American-bred Thoroughbred racehorse

Swift Temper (foaled 2004 in Kentucky) is an American Thoroughbred racehorse. Bred by Richard Nip, she was out of the winning mare Glasgow's Gold, a daughter of Seeking the Gold. A son of Mr Prospector, she was sired by Giant's Causeway, the 2000 European Horse of the Year and son of Storm Cat.
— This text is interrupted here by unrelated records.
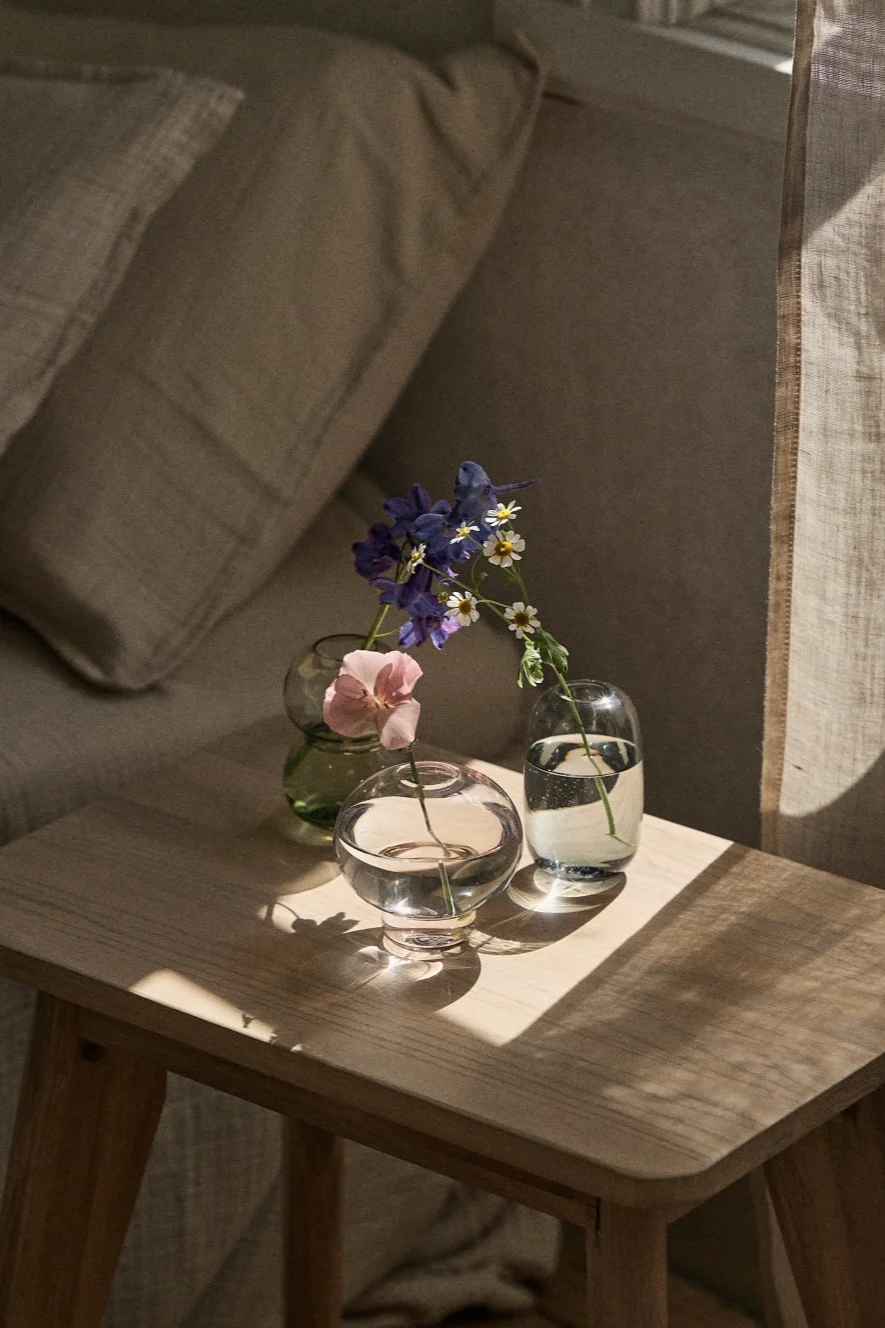 The best vases for small individual flowers are small or mini vases, here you see a selection of the midsummer vases from Orrefors. 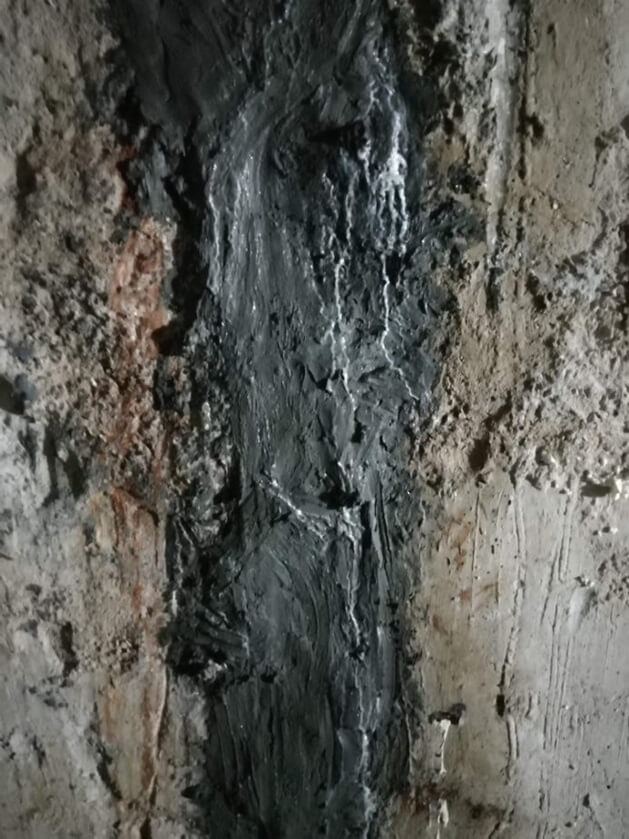 Imperméabilisation sous la nappe phréatique et obturation des cours d'eau.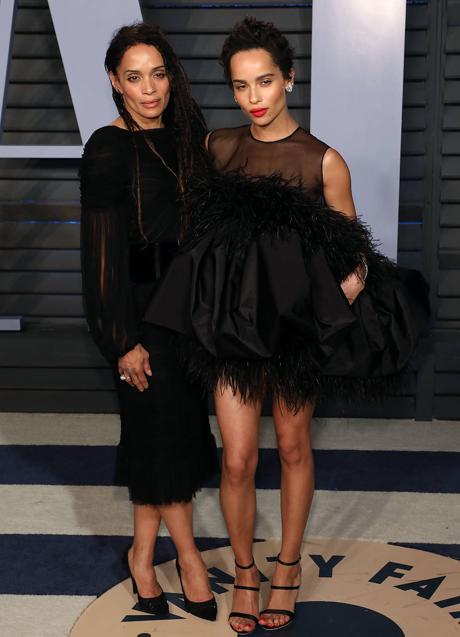 Imagen - Zoë con su madre, la actriz Lisa Bonet, en la fiesta posterior a los Óscar de Vanity Fair, en 2018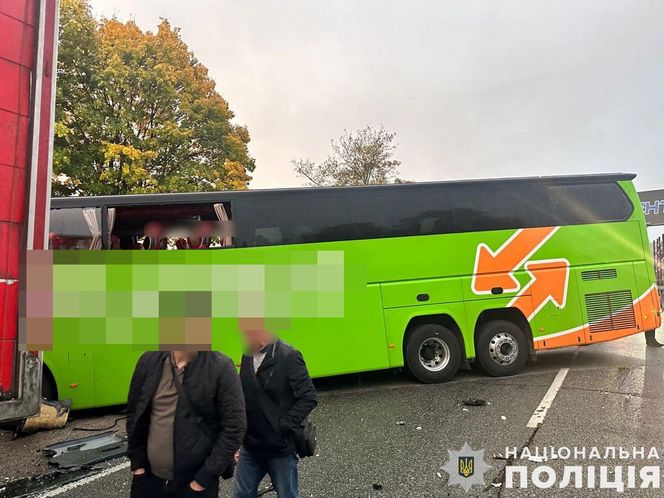 Wypadek autobusu z Warszawy do Odessy. Trzy osoby nie żyją, jest wielu rannych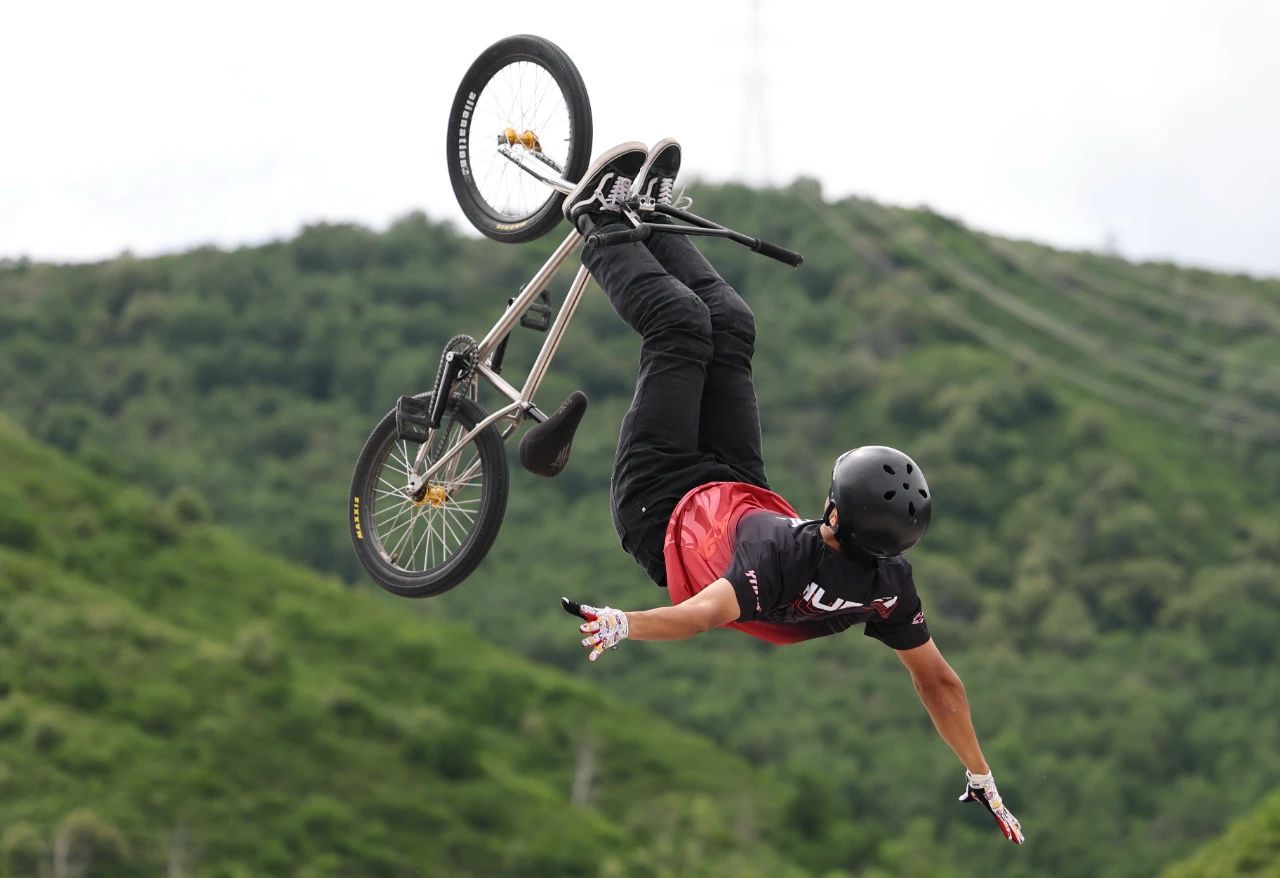 冬奥小城崇, 支运动队, 了足球场 冬奥小城崇, 支运动队, 了足球场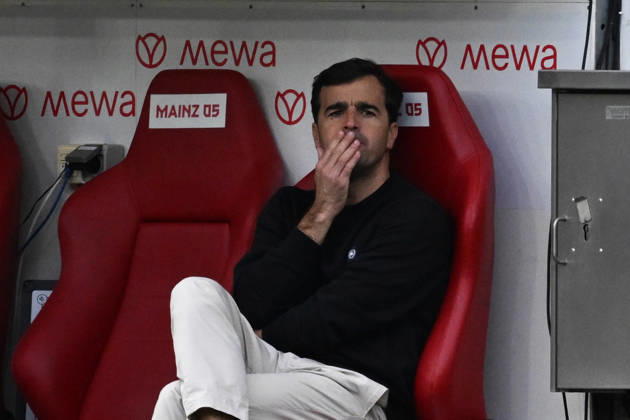 10.10.2026, xsltx, Fussball 1.Bundesliga, FSV Mainz 05 - Bayer 04 Leverkusen v.l. Trainer Coach Carles Martinez (Bayer 04 Leverkusen) (DFL DFB REGULATIONS PROHIBIT ANY USE OF PHOTOGRAPHS as IMAGE SEQUENCES and or QUASI-VIDEO) Mainz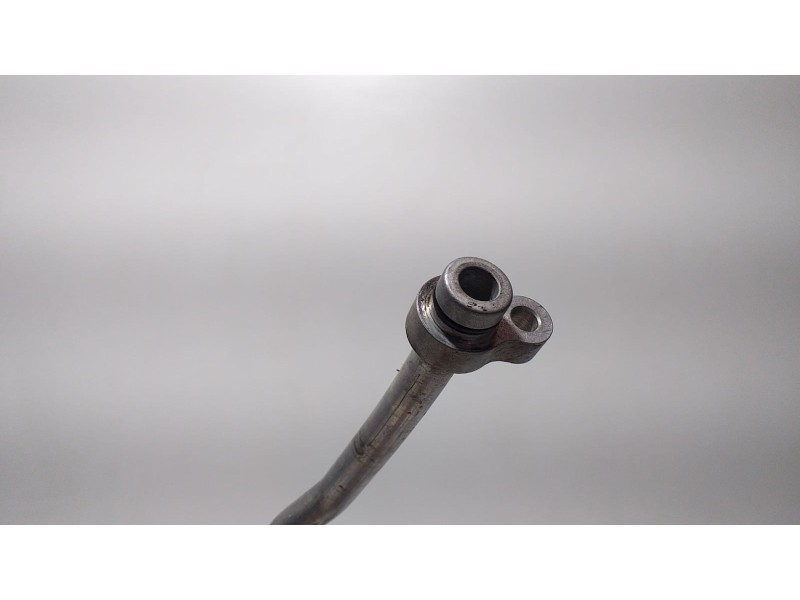 Recambio de tubos aire acondicionado para nissan terrano/terrano.ii (r20) comfort referencia OEM IAM TD27TI 63613 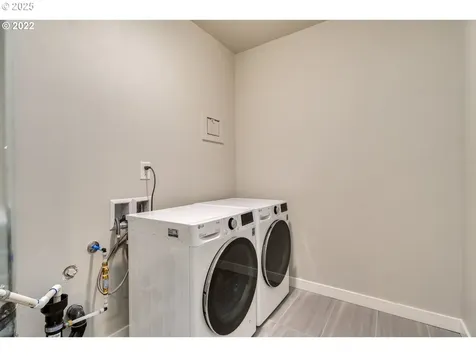 12033 SE 5th Street Vancouver WA 98683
Swift Temper is owned by Mark H. Stanley and trained by Dale Romans. The Chestnut mare made a surge on the racing environment when she won the Delaware Handicap over Icon Project. After coming off of a well beaten second in the grade one Personal Ensign Stakes, just 13 days after she won the Ruffian Handicap. Made 3:5 betting favorite in the Spinster Stakes at keenland, she was beaten by longshot Muska.